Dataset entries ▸
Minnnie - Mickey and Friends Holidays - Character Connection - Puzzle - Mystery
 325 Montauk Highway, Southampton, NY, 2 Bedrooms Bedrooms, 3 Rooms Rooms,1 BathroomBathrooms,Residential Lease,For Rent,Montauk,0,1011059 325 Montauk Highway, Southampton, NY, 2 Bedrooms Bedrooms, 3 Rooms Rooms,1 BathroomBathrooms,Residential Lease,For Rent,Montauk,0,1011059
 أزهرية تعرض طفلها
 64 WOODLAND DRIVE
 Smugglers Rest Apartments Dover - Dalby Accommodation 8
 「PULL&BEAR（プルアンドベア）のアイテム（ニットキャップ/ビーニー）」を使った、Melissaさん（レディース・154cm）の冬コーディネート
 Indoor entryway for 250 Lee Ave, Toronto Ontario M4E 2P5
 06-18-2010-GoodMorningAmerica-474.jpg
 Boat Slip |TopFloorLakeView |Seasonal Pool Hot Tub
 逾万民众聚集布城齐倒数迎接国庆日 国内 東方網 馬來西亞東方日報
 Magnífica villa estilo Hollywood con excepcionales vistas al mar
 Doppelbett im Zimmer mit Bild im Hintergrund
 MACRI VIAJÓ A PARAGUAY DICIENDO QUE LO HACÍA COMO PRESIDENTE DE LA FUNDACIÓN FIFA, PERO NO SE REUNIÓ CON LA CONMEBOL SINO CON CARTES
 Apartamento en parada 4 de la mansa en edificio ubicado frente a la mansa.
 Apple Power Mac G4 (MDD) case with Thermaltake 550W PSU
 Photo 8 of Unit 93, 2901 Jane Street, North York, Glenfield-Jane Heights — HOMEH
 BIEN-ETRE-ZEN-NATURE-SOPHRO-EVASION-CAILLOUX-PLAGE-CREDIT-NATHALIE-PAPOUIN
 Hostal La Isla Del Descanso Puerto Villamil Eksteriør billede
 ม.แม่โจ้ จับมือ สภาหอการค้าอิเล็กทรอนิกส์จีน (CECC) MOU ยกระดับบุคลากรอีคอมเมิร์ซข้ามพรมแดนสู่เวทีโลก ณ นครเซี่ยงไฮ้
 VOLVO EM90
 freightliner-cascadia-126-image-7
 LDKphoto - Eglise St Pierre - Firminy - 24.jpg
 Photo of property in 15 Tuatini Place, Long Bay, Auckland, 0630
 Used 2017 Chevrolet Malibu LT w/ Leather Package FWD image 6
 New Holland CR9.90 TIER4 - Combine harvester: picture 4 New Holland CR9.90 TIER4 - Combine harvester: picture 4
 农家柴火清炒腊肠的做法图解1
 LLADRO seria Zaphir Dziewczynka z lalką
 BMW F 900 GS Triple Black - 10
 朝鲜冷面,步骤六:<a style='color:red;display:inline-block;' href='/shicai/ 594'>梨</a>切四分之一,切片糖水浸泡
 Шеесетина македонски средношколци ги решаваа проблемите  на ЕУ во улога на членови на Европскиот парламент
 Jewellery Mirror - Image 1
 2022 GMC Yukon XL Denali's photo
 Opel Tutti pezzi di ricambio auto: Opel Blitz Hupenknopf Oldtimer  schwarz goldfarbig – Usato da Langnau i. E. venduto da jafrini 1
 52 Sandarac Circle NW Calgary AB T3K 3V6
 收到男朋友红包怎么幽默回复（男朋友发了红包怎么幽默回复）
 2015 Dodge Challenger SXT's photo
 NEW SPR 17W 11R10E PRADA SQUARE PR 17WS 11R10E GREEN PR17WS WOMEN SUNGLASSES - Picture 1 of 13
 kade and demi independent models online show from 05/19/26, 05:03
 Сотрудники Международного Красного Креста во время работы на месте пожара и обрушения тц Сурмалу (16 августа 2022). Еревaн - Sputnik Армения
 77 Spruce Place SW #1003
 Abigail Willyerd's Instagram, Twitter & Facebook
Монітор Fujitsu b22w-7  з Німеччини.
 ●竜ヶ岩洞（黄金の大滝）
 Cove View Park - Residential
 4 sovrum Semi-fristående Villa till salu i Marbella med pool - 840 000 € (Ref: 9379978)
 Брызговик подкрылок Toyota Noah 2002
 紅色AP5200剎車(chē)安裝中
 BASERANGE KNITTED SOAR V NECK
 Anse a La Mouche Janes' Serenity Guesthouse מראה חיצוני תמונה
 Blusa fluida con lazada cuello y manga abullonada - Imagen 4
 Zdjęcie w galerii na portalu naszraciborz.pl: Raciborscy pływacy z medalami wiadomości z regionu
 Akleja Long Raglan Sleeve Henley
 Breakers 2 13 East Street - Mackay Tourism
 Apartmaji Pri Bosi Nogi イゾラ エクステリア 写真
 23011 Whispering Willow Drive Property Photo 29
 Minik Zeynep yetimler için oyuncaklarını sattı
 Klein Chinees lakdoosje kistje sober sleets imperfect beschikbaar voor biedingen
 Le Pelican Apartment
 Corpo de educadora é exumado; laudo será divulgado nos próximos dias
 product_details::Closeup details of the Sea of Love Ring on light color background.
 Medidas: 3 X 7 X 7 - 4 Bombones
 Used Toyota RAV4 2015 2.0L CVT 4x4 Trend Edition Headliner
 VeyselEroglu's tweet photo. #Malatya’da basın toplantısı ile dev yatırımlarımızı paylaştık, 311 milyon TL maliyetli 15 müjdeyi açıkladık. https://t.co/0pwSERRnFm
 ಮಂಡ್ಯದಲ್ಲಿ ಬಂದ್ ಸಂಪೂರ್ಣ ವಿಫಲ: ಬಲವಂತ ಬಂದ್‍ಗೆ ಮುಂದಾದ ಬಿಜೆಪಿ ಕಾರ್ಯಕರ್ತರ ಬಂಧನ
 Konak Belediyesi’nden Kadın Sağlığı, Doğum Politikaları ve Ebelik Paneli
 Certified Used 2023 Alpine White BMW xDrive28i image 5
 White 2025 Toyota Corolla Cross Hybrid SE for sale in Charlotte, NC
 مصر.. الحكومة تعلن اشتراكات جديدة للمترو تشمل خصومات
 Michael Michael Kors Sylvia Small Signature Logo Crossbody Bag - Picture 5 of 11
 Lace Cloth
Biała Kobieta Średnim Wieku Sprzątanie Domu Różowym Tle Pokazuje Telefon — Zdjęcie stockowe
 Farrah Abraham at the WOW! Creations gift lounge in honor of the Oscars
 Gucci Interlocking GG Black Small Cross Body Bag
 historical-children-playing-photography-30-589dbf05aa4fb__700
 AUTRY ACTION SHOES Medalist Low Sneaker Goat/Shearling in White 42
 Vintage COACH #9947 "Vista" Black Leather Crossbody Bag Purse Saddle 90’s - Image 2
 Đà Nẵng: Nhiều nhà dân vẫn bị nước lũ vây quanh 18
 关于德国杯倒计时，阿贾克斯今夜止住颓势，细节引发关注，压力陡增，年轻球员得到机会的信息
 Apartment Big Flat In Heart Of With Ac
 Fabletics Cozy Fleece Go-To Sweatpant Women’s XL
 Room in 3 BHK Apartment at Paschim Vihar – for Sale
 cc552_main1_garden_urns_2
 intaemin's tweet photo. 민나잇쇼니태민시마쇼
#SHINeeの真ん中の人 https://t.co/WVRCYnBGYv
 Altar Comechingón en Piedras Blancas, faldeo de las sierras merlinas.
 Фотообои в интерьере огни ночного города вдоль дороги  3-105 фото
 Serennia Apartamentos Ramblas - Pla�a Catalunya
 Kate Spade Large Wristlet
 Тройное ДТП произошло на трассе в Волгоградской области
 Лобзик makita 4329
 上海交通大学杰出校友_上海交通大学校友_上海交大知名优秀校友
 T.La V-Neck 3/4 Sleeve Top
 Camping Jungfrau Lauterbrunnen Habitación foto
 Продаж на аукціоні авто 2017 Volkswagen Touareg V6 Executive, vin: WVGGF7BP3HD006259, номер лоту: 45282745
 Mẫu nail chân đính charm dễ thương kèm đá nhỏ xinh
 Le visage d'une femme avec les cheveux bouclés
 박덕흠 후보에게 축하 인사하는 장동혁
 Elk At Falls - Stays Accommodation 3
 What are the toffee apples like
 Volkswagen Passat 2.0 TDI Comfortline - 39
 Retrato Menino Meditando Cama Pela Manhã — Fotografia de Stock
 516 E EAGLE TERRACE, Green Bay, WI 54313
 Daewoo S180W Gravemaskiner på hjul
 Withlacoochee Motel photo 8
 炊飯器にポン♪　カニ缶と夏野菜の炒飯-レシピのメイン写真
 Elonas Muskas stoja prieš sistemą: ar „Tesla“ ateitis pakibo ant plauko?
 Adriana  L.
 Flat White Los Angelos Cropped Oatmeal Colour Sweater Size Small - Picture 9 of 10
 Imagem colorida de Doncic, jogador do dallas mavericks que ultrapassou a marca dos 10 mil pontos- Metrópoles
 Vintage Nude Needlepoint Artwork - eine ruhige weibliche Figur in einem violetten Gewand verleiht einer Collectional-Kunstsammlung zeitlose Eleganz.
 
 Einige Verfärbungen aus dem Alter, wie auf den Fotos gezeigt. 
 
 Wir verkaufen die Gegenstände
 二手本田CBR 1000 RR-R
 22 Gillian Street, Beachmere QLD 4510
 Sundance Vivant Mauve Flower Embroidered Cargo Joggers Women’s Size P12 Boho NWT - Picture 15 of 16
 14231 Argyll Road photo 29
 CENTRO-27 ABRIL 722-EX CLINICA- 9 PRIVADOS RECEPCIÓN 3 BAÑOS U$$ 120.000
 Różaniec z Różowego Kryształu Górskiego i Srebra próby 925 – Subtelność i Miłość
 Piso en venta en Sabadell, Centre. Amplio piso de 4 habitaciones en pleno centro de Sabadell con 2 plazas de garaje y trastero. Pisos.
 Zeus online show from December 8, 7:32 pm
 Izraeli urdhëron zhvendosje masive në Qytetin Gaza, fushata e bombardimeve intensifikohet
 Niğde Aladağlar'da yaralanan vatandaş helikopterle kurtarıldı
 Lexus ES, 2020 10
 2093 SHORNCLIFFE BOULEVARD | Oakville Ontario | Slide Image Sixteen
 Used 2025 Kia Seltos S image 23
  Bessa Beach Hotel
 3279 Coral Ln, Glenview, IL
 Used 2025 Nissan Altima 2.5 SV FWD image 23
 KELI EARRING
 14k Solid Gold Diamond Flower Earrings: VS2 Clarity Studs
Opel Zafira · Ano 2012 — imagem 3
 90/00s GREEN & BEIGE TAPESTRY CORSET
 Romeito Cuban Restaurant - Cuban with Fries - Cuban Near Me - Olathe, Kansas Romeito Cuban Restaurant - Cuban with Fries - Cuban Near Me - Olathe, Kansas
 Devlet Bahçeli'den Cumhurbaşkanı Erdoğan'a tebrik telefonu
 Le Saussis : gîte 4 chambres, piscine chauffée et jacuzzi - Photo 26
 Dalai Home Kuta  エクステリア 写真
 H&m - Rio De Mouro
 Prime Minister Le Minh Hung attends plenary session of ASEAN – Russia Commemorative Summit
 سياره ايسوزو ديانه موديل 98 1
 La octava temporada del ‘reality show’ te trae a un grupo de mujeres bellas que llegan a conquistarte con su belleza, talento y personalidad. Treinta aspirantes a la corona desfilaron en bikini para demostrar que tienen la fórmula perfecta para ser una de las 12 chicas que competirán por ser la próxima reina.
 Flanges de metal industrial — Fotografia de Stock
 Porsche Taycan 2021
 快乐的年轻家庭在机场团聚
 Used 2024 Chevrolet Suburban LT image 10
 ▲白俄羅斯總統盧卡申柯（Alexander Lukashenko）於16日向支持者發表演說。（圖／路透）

Exercise details ▸
The number of lines in the data that contain the word "Chevrolet" is all that should be stated.

Exercise response ▸
2